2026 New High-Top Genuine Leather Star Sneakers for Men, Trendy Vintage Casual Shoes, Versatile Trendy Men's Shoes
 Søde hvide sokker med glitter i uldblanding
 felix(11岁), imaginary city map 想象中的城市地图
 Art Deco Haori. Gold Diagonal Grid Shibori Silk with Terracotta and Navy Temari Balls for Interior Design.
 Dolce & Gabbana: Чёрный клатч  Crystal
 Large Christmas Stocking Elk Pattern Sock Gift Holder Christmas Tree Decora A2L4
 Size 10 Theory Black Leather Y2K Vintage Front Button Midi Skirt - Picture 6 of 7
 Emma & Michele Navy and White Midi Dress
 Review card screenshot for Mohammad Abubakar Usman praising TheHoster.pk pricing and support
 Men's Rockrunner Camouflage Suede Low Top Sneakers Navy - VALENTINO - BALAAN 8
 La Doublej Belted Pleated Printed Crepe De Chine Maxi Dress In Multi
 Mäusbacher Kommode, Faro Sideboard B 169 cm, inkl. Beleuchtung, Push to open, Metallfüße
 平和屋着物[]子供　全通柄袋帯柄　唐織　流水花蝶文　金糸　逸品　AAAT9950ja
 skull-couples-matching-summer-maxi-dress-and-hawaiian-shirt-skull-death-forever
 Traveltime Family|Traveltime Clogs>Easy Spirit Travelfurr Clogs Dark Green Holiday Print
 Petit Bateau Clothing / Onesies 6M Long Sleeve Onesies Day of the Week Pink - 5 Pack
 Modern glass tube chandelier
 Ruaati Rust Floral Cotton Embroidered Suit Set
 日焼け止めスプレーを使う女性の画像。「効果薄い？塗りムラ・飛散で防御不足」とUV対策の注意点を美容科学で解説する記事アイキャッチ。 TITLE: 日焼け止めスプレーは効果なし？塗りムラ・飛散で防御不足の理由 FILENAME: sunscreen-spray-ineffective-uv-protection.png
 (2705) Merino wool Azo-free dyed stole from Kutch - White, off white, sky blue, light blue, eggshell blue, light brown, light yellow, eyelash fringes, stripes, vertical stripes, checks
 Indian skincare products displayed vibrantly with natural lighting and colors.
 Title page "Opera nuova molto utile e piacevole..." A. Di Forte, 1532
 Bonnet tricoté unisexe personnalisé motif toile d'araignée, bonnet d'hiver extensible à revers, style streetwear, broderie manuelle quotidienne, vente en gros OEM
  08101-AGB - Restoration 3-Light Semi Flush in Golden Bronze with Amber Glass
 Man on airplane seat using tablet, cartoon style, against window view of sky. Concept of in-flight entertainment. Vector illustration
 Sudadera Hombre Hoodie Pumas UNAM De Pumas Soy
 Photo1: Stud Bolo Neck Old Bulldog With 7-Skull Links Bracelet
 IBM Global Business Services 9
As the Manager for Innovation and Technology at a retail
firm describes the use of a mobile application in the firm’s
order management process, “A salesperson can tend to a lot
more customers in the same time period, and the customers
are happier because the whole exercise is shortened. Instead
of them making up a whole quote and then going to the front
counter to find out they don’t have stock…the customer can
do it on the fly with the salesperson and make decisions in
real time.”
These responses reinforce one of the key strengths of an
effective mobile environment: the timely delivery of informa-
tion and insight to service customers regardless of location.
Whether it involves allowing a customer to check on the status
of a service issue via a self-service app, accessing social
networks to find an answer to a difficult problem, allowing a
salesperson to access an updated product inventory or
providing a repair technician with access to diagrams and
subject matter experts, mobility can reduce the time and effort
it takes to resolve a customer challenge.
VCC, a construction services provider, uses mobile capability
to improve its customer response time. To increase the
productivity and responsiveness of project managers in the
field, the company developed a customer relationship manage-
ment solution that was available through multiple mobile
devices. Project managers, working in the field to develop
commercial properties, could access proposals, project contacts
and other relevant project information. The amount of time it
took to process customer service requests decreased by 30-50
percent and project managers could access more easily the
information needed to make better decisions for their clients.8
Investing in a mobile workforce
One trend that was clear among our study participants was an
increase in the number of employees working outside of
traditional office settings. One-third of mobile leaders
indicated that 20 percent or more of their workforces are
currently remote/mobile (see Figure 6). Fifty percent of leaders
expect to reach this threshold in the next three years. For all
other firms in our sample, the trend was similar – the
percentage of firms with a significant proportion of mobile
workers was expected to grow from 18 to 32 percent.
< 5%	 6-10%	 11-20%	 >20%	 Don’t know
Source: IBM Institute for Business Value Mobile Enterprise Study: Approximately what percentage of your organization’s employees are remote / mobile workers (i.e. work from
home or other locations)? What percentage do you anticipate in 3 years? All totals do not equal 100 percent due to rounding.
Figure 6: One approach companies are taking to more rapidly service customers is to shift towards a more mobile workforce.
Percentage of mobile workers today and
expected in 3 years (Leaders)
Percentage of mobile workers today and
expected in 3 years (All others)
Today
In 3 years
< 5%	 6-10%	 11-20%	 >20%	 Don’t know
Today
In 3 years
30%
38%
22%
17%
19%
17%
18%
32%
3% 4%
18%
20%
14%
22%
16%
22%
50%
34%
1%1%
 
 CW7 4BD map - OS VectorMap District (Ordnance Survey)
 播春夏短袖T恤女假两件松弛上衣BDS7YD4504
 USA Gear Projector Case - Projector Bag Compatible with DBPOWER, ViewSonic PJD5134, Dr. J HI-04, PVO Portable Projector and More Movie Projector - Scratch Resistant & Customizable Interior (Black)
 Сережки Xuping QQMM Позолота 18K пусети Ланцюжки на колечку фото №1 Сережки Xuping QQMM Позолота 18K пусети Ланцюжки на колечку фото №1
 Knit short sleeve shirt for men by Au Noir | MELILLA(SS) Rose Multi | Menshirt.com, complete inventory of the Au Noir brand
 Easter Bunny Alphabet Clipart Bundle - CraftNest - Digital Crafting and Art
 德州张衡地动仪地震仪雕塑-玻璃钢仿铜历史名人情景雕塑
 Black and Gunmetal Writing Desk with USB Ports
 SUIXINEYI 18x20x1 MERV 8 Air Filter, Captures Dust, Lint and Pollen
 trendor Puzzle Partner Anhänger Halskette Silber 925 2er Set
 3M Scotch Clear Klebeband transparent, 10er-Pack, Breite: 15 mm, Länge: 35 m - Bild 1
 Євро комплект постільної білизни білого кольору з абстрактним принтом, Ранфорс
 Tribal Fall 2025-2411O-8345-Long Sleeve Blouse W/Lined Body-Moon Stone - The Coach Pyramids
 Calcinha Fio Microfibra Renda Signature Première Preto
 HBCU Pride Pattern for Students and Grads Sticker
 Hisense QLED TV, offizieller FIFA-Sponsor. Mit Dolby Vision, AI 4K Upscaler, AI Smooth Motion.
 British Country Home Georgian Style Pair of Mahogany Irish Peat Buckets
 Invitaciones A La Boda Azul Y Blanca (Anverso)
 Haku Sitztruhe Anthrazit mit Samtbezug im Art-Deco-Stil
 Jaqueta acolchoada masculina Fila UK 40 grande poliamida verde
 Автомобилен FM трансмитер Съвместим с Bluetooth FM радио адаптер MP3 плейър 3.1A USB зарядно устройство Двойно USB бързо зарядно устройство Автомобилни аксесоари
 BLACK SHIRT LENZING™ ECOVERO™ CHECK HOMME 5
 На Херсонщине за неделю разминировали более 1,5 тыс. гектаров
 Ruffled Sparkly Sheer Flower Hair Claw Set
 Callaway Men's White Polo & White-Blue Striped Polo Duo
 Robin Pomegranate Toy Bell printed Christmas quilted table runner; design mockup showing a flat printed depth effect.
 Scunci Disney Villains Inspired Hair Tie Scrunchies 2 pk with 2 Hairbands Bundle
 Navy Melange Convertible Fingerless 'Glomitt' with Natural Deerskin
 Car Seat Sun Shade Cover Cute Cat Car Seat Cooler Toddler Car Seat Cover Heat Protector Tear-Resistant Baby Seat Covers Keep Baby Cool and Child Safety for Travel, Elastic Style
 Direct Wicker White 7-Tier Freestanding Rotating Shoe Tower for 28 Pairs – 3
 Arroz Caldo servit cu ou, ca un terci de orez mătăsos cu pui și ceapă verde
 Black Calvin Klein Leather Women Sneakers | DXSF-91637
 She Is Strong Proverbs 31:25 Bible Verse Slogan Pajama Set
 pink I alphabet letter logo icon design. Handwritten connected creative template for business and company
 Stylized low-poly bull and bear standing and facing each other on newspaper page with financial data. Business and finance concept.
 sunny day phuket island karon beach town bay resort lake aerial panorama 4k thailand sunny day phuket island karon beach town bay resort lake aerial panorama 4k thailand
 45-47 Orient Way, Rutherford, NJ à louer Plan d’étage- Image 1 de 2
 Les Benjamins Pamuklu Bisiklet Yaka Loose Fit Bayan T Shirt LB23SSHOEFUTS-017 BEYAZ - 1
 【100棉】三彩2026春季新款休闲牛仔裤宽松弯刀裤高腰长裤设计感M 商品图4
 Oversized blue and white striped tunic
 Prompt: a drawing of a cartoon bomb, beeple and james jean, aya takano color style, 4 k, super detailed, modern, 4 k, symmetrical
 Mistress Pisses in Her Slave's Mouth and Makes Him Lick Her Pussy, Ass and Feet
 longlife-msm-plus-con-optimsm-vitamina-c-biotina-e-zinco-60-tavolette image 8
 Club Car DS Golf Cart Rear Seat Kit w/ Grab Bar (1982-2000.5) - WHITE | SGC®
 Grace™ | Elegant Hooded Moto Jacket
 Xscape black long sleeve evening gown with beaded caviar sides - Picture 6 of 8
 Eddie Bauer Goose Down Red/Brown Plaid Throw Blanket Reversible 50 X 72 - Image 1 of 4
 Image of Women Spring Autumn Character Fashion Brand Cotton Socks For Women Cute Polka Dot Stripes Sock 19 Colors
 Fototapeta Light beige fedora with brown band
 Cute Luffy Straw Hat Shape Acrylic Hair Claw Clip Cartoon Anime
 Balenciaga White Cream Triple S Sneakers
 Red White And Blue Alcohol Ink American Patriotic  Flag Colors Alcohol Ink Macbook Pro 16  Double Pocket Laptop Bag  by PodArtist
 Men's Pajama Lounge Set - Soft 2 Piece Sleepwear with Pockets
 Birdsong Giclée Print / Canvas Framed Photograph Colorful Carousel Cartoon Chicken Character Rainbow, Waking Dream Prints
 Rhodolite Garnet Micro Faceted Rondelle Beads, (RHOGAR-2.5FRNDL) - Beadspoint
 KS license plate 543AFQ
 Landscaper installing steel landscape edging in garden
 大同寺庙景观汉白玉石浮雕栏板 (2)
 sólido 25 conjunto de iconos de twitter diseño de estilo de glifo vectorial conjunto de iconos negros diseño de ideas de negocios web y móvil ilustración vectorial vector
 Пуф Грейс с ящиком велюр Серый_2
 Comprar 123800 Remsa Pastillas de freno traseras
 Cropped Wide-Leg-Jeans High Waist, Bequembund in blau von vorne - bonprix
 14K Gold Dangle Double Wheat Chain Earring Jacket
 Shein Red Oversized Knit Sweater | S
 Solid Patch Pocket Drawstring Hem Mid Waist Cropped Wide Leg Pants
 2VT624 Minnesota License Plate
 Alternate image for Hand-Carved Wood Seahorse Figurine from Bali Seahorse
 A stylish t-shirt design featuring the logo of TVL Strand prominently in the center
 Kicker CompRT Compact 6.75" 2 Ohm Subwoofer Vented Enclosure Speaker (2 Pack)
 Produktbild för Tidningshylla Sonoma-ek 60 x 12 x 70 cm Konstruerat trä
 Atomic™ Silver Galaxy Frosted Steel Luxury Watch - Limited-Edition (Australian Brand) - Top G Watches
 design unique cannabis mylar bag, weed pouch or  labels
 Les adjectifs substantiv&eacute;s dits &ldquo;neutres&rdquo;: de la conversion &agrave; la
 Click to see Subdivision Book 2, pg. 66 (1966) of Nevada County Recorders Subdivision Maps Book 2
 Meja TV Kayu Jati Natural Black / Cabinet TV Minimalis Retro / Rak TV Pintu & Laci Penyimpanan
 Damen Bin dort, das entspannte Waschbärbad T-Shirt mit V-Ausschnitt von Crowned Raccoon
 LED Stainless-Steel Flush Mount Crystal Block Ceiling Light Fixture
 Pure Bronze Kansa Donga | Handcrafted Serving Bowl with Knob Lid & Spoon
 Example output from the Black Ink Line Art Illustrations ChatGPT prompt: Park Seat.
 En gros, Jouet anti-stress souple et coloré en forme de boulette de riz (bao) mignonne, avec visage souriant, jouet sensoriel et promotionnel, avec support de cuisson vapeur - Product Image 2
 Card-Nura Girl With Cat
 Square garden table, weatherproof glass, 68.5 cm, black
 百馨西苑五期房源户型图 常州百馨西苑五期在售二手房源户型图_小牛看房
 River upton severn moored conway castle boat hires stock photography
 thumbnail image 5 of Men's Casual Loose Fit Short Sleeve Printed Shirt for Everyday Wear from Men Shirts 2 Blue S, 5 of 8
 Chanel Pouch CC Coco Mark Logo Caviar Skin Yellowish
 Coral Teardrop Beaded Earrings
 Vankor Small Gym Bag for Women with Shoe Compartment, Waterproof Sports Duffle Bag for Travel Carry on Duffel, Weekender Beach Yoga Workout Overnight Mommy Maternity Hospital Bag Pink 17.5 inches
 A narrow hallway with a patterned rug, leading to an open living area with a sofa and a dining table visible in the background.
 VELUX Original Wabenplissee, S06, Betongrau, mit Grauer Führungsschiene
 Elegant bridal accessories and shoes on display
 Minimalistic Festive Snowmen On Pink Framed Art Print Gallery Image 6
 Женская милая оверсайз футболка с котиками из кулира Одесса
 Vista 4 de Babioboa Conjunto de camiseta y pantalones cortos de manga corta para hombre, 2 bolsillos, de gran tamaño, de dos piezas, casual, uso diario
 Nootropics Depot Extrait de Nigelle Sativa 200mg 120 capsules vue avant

▶ **YOUR GOAL**: Across all the material above, work out how many lines hold the word "Picture", and answer with that number only.

▶ **RESULT OF THE TASK**: 2